Since on the CPU packaging you can't see "My temperatures are inaccurate" how are people meant to know?

The chips can calculate how hot they are by themselves, as for reading that it depend on the software used, just like any chip. If you use AMD's own software its right.

Do you do give temperature advice or not?
 
Last edited:
Do you do give temperature advice or not?

But it's not really the same is it when you've got an accurate sensor?
Yes I do, if you knew how to read you'd have been able to get the answer from the fact I gave advice during the Phenom II's.

But I don't see the angst about wanting a proper sensor that's accurate.

I know about the theories, this whole rather pointless discussion started with ;

I wouldn't ever take an AMD temperature reading as evidence what it's running at.

Which would kind of prove I knew about AMD temperature issues.

And AMD's software was not right, AOD would give the same wrong readings as core temp with the sub ambient temperatures, since they were reading from the same wrong sensor.
 
Last edited:
So you'd rather have to work out temperatures with guesstimates rather than a proper working sensor? That's all I'm getting at.
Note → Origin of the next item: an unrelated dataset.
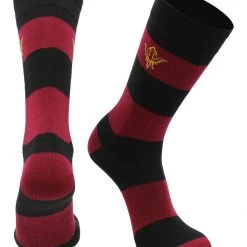 TCK ASU Sun Devils Socks Game Day Striped Crew Socks All Schools 3 TCK ASU Sun Devils Socks Game Day Striped Crew Socks All Schools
EDIT : Also, AMD's software was not right, it gave the same readings as core temp did.
 
Last edited:
For Phenom II x4's I did but they never used to show sub ambient temperatures on idle like Thuban's etc(Was kinda meh with doing it with Thuban's, and haven't given any Bulldozer temperature advice because people can't grasp they don't have 40c headroom left)
It's still guesstimates, why wouldn't you want a proper sensor with proper limits?